Records for the task:
BEGIN

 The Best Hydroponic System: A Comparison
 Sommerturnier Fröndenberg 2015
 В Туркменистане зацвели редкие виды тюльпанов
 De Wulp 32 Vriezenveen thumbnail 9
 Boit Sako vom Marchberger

END
BEGIN

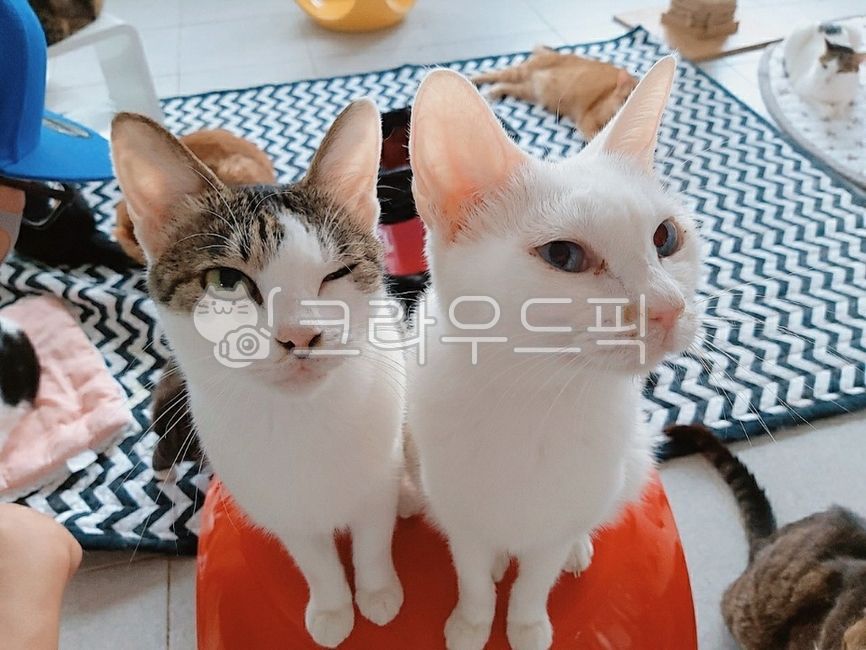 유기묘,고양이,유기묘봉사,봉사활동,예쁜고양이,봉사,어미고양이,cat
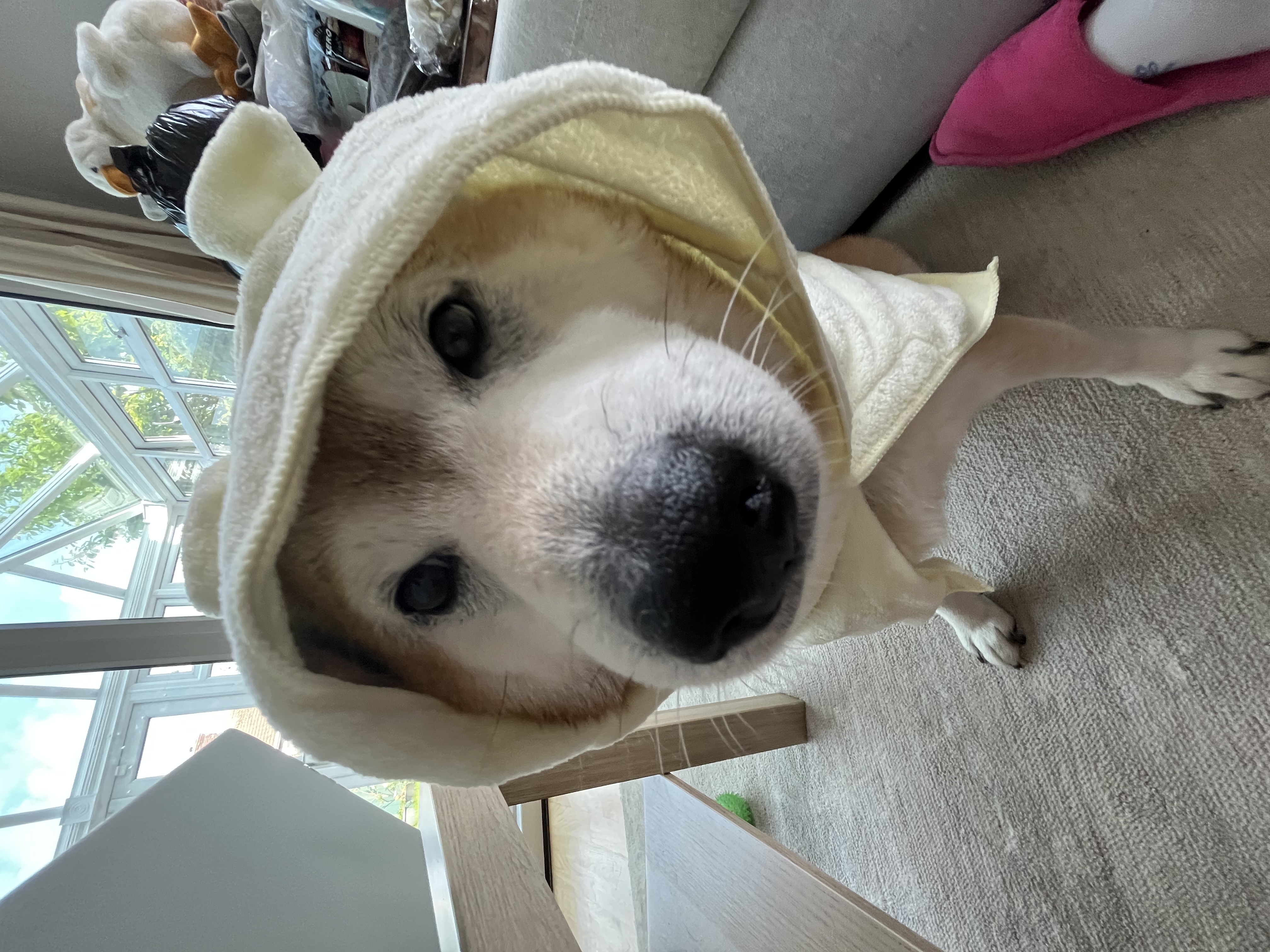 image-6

END

Your assignment:
The range runs from the line above containing "The Best Hydroponic System: A Comparison" to the line containing "Boit Sako vom Marchberger", inclusive. Restate those lines word for word and no others.

Answer for the task:
 The Best Hydroponic System: A Comparison
 Sommerturnier Fröndenberg 2015
 В Туркменистане зацвели редкие виды тюльпанов
 De Wulp 32 Vriezenveen thumbnail 9
 Boit Sako vom Marchberger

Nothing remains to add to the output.